When ideas become prisons

Business

THE emerging consensus on the broad objectives of the International Monetary Fund (IMF) stabilisation programme has been reinforced by the meeting of Prime Minister Imran Khan with IMF Managing Director Christine Lagarde, held recently in Dubai. However, the prolonged negotiations show that views on specifics and pace of reform differ sharply.

This time, based on decades of past experience, there is a heightened national awareness that cyclic spurts of economic growth have been followed by frequent and escalating fiscal and balance of payments crises. Stabilisation efforts have not led to sustainable, inclusive and job producing economic development.

It has been argued that IMF stabilisation programmes — essentially in the nature of fire fighting — has not been followed by deeper reforms necessary for achieving sustained growth. The past governments either lacked the will or succumbed to the pressure of strong domestic lobbying, weakened as they were by divisive politics and institutional wrangling.

Instead, as the stability programmes widened the doors for accessing foreign debts, successive governments opted for more borrowing from multilateral and bilateral lenders and the international market.

IMF stabilisation programmes have not been followed by deeper reforms necessary for achieving sustained growth

Meanwhile domestic savings and investment rates remained subdued and, barring short intervals, the gap between imports and exports widened. This led to a surge of debt servicing — $5.4 billion in the first two quarters of FY2019.

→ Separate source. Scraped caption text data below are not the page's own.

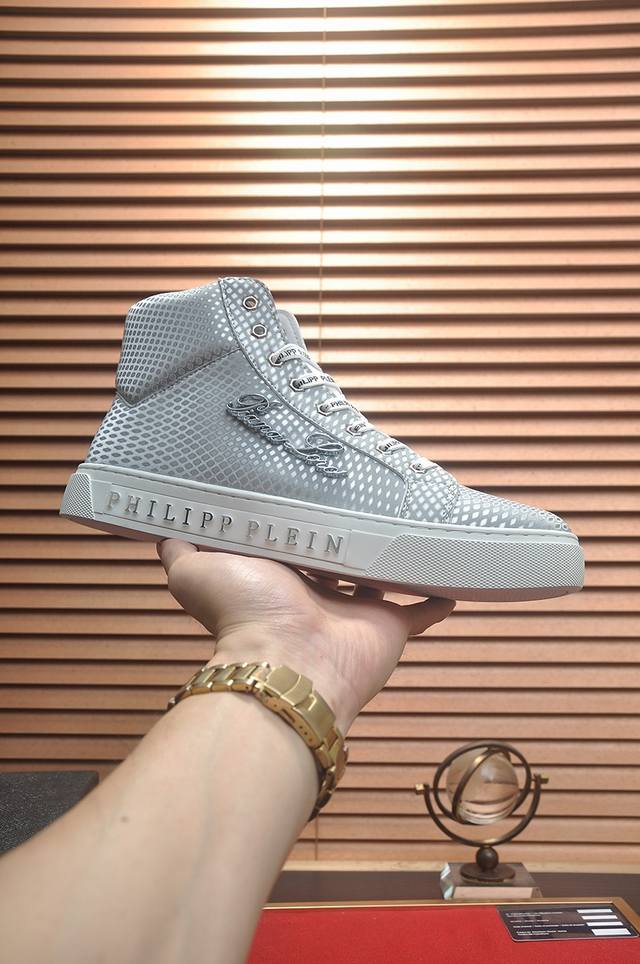 出厂价P Philipp Piein 全羊皮内里 菲利普普萊茵 官网最新款高帮原版开模，面料：原版头层粒面小牛皮，原版五金轱辘头，裡料：羊皮内里 做工精细，完美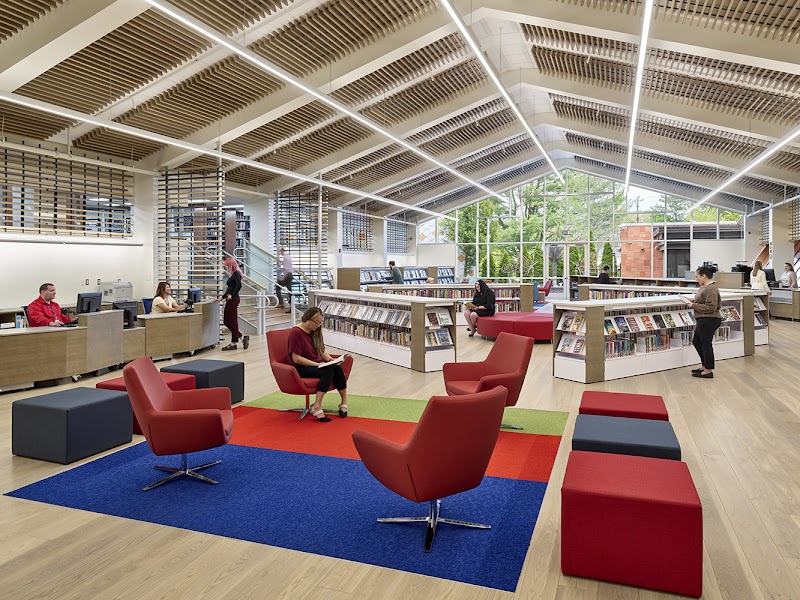 Middle Country Public Library Centereach Building photo 4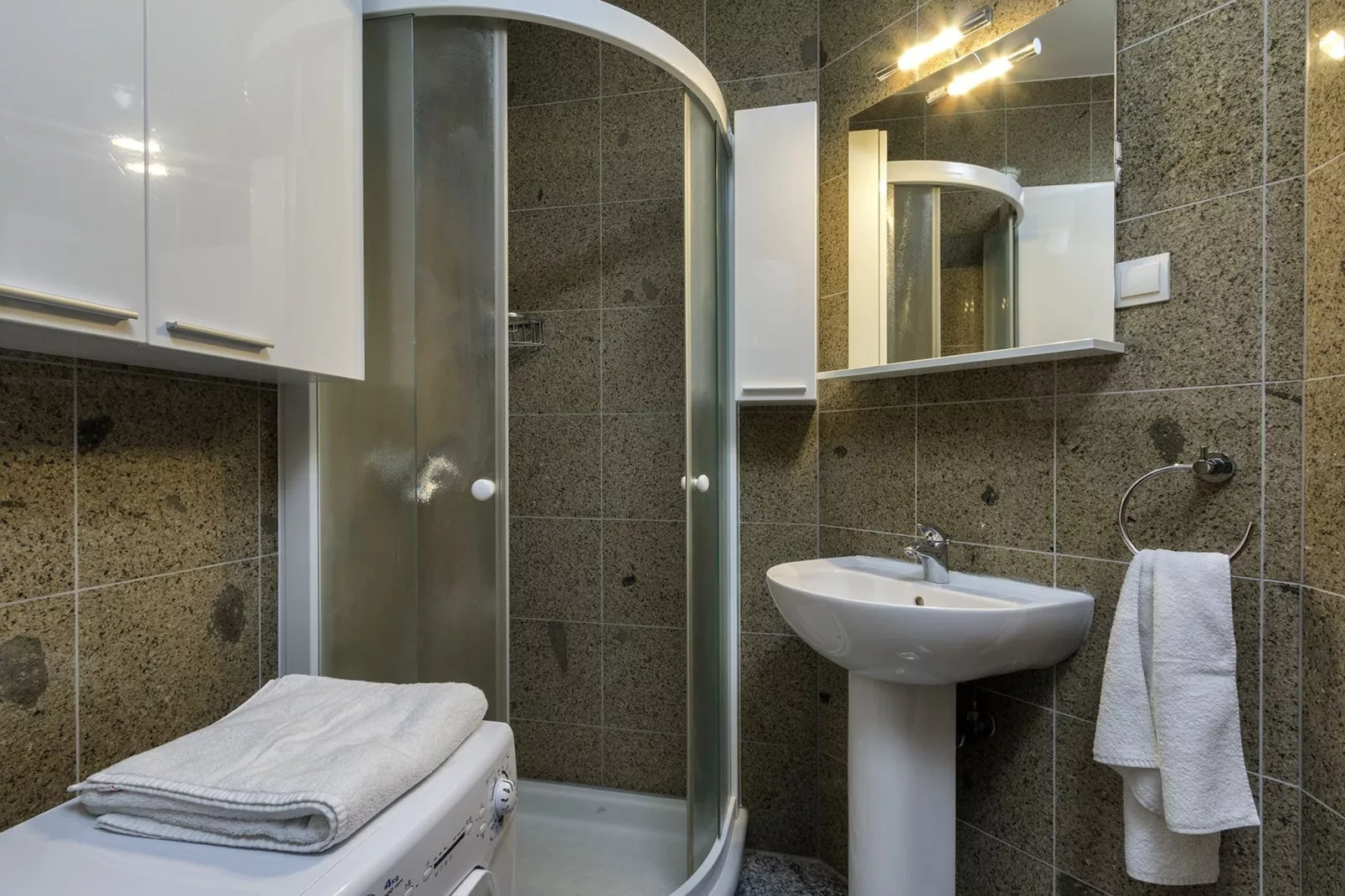 Apartment Banjole - 200 m from the Beach-Badkamer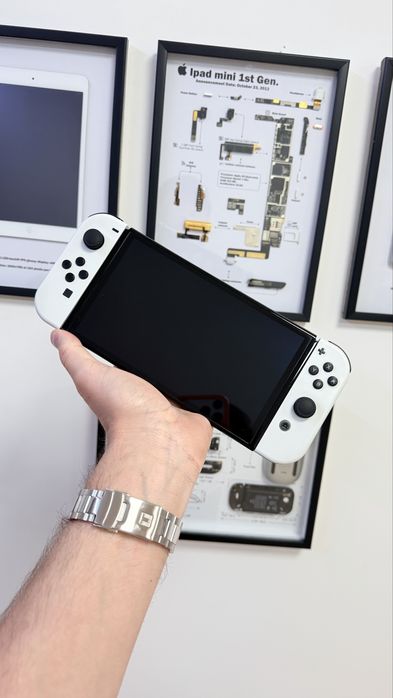 Nintendo Switch OLED стан НОВОЇ, повний заводський комплект!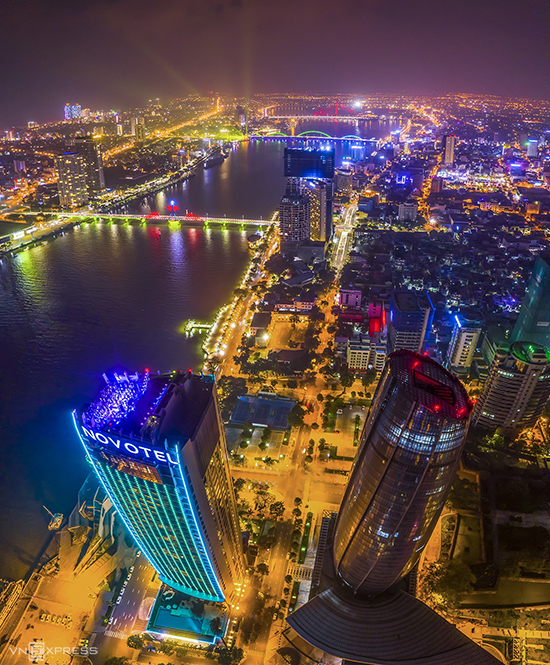  Một góc thành phố Đà Nẵng rực rỡ sắc sắc màu về đêm. Được mệnh danh là 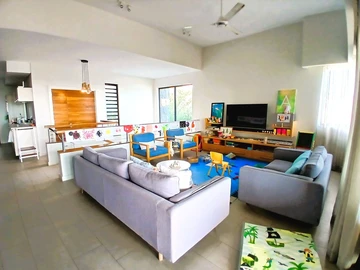 3 Bedroom Commercial Property
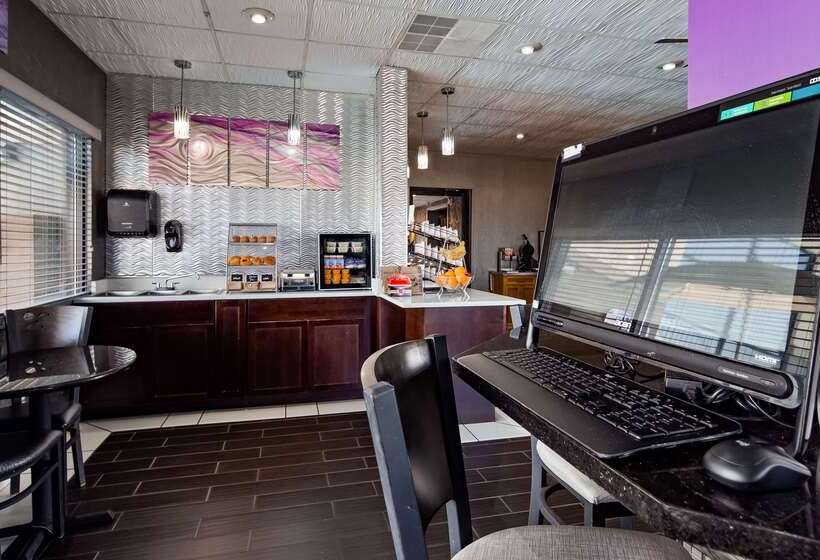 فندق Best Western Santa Fe Inn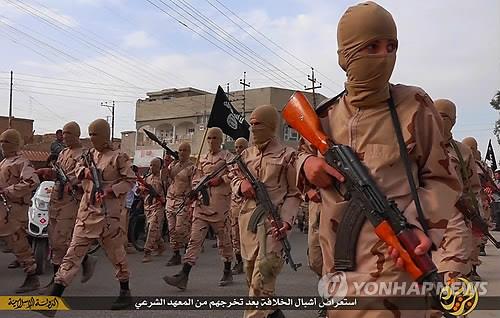 '새끼 사자'로 알려진 이슬람국가(IS)의 소년병들이 이라크 모술에서 행진하는 장면(AP=연합뉴스 DB)
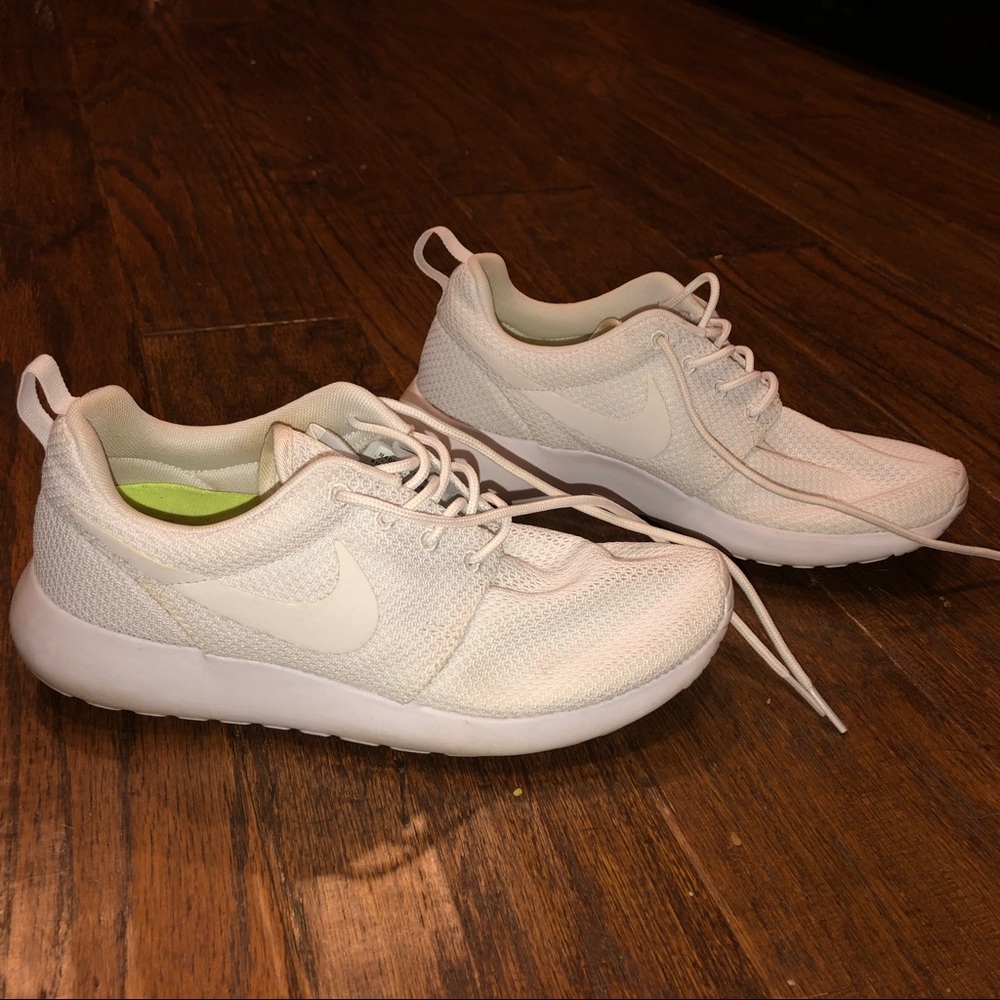 White Nike Roshes
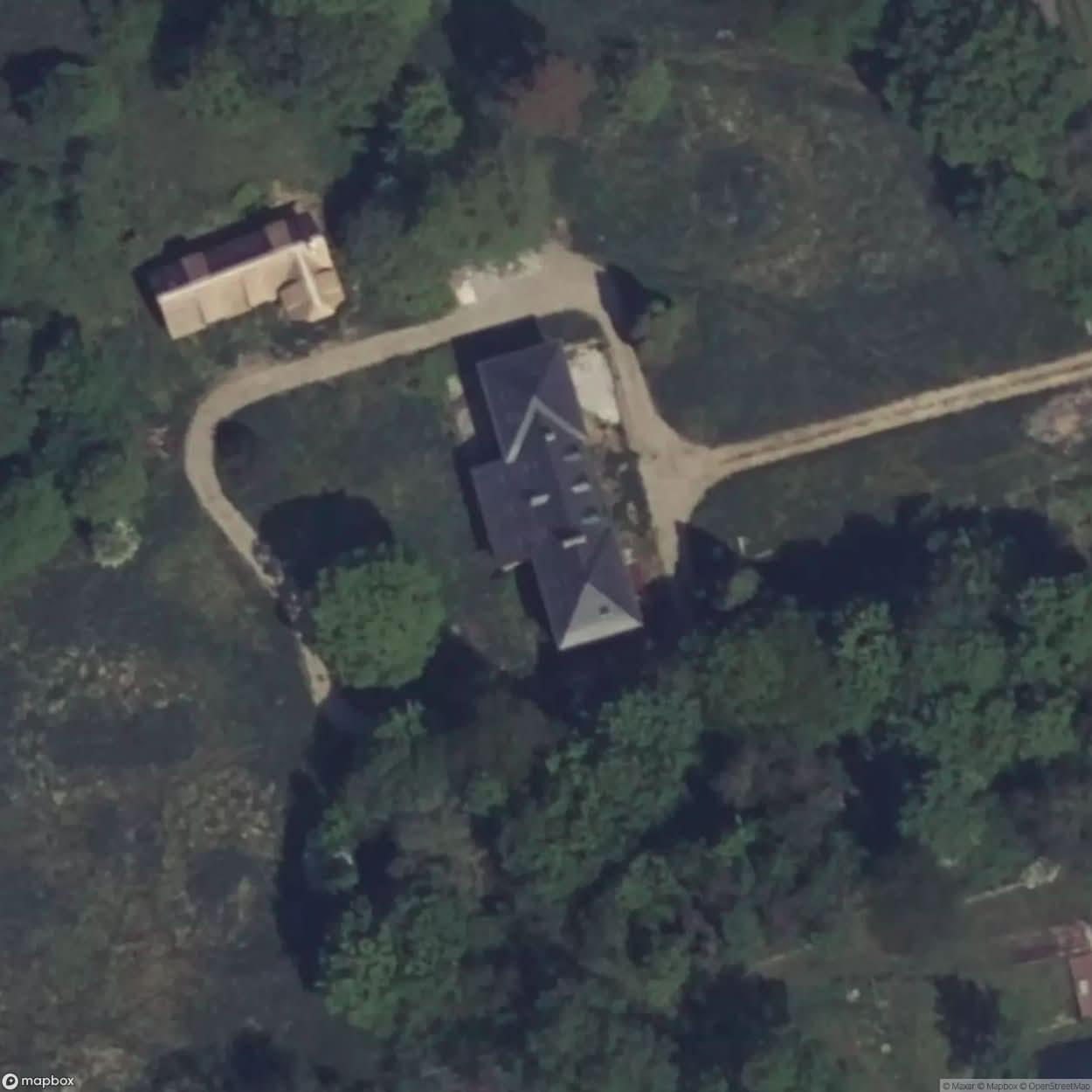 Walled Manor House [FRA] #19261
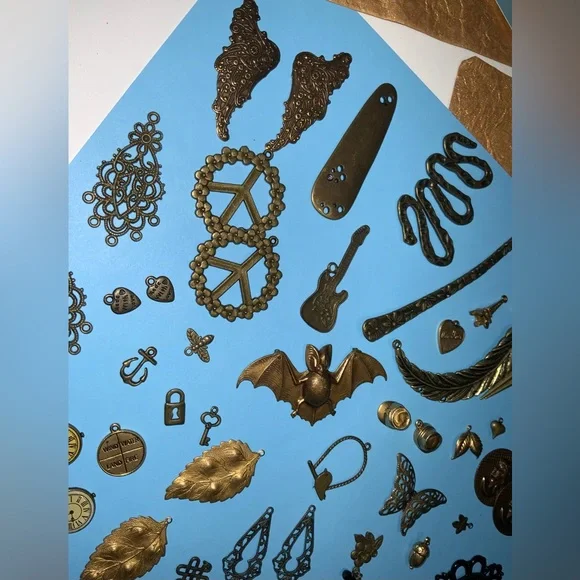 Huge Assorted Lot of Gold and Antique Bronze Pendant & Charms Collection - Lot 1 - Picture 6 of 16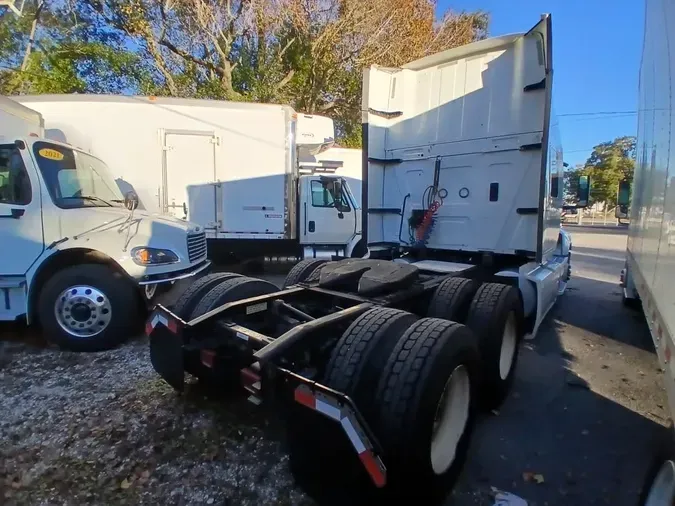 2019 NAVISTAR INTERNATIONAL LT625 SLPR CAB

The current situation requires a long-term strategy with the right priorities and sequence — evolved through a national consensus — and spanning at least more than one five-year tenure of fragile coalition governments. However, nothing of the sort seems to be happening.

Policymakers have taken some significant fiscal and monetary measures but they fall short of the lender’s expectations. Nonetheless it is recognised by both the IMF and the PTI-led government that ‘deep structural reforms’ are essential for ‘achieving sustainable development in which the most vulnerable will be protected.’

Given the past, the IMF appears to be insisting on the maximum possible reforms in the minimum possible time, while the PTI-led economic team wants a slower pace of adjustment to ensure a less painful process.

The stability programme under negotiation is expected to be finalised for implementation from the next financial year. As long as stability and austerity policies last, growth prospects are likely to remain subdued.

Despite the overall devaluation, as Dr Ishrat Husain says, no phenomenal increase in exports has been witnessed: “The harvest of devaluation could not be reaped owing to foreign buyer’s demand for enhanced rebate.”

Exports may also be affected as the global economic growth slows down. There is a reported move to further reduce import duties on industrial raw materials of export-oriented industries.

Ms Lagarde warned the participants of the World Government Summit of a possible ‘economic storm as growth undershoots expectations.’ “We have no idea how it is going to pan out and what we know is that it is already beginning to have an effect on trade, on confidence and on markets,” she said, warning governments to avoid protectionism.

State Bank Governor Tariq Bajwa argues that devaluation has proved fruitful in curtailing the size of imports which have dropped by 5.17pc in the first seven months of FY2018-19, down from comparative figure of FY2018. But historical record shows that continuing devaluation alone does not help in narrowing the export-import gap on a sustained basis. This time devaluation has been coupled with much tighter regulatory measures to curb imports.

Owing to an increase in utility charges and tight monetary policy, large scale manufacturing, on year-to-year basis, dipped 1.53pc over first half of the current fiscal year compared to a year ago. The sector contracted by 10.2pc in December. The IMF wants a further increase in electricity tariff by 25-30pc and complete liquidation of circular debts.

The Fund has also proposed that the government clear its current Rs3.8 trillion debt borrowed from the central bank by setting quarterly reduction targets and has recommended a shift from the government’s reliance to commercial banks.

This would increase the cost of borrowings of a cash-strapped government by 0.5pc, but it will benefit commercial banks which are likely to face rising lending risks in slackening economic growth. The government has already started to follow the IMF’s advice.

The IMF is insisting that the primary budget balance (that excludes interest payments), estimated at a negative 2pc in FY 2017-18, should be zeroed in two years to generate resources for debt servicing.

Regarding growth outlook, the central bank governor says the real inflation rates are significantly positive and would help manage aggregate demand and reduce output gap closer to sustainable levels. However, the inflation rate rose to 7.19pc in January.

Ms Lagarde says that protecting the poor and strengthening governance are key priorities to improve living standards. Though ‘protecting the poor’ from receding growth is important, it is imperative to create enough decent jobs with fair wages to enable the unemployed to lead a dignified life on their own.

Out- of- box thinking is required to put the economy on a sustainable, inclusive development as opposed to following a strategy of economic growth that may or may not produce enough jobs.

‘Ideas have become prisons’ says John Ralston Saul, in his book on ‘Collapse of Globalisation,’ as neo-liberals look ‘at civilisation from an economic prism … and want democratic governments to be appropriately disciplined by international financial markets.’